Ottawa author Charlotte Gray wins the 2014 Toronto Book Award

It has been a good year for the Massey Murder

(http://www.huffingtonpost.ca/stephen-weir/charlotte-grays-true-toro_b_6004036.html#es_share_ended)

Ottawa author Charlotte Gray is the winner of the 2014 Toronto Book Award for her non-fiction book, The Massey Murder: A Maid, Her Master and the Trial that Shocked a Country. She is 40th author to capture Toronto's annual literature prize.  Gray $10,000 win was announced at last night's award ceremony, held at the downtown Toronto Reference Library. 
"I offer my warm congratulations to Charlotte Gray, who has drawn an unforgettable portrait of Toronto's social life at the beginning of the 20th century," said Acting City Librarian Anne Bailey. "In telling the true story of Carrie Davies, the maid who shot a (famed) Massey, Charlotte Gray captures the class conflict and societal upheaval that marked our city's reinvention of itself at the onset of the Great War. As the author notes:  'A single bullet fired on Walmer Road had an extraordinary significance.'" " In 1915 Toronto thought of itself as 'Toronto the Good'  but by our standards it was very far from the good," explained Charlotte Gray. "It was a city that had grown enormously in the last decade (since the year 1900 ). It had doubled in population, but it was a very class ridden society with the elite at top that totally believed it was absolutely right, and with a surge in working class immigration at the bottom, mainly from Britain.  These were people who were determined to make a new life in the new world,  and were escaping from the British class system."
1915 newspaper report of the Massey Murder
"Bert Massey (the murdered man) was  known as a man-about-town," she continued. "He was somebody who had a diamond stick pin in his tie, he liked driving fast cars,  and he was very representative of the young men of that period who got away with what they could get away with. By our standards his behaviour was unacceptable because he sexually harassed and tried to seduce this 18-year old servant.  In his day it was sort of seen as something that young men men did.  What was surprising is not that he had played around with an eighteen year old but that the Masseys had employed a young woman who had access to a gun and knew how to fire it."

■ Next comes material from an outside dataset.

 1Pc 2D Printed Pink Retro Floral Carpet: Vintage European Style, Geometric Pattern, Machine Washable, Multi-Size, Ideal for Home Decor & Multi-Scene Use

The Toronto Award caps off a spectacular year for Gray's 9th book. It  won the Canadian Authors Association Lela Common Award for Canadian History; was long-listed for the B.C. Non-fiction Award, and shortlisted for both the Charles Taylor Award and the Evergreen Award.  Based on the success of the Massey Murder in 2014 she  was  also short-listed as "Author of the Year" by the Canadian Booksellers Association. She has been a judge for several of Canada’s most prestigious literary prizes, including the Giller Prize for Fiction, the Charles Taylor Prize for Non-Fiction and the Shaughnessy Cohen Prize for Political Writing. 
cover of the award winning book
This year marks the 40th anniversary of the Toronto Book Awards. Established by Toronto City Council in 1974, the Toronto Book Awards honour authors of books of literary or artistic merit that are evocative of Toronto. Each shortlisted author receives $1,000 and the winning author receives $10,000 in prize money. More information about the awards and what the jury members said about the shortlisted books is available at http://www.toronto.ca/book_awards.  
This year the Toronto Book Awards Committee looked at 70 entry before deciding on a short-list of five titles. The Massey Murder: A Maid, Her Master and the Trial that Shocked a Country  was chosen from a list of finalists that included Anthony De Sa for his novel, Kicking The SkyCarrianne K. Y. Leung for her novel, The Wondrous Woo; Nick Saul and Andrea Curtis for their social science, agriculture and food book, The Stop: How the Fight for Good Food Transformed a Community and Inspired a Movement; and Shyam Selvadurai for his novel, The Hungry Ghosts.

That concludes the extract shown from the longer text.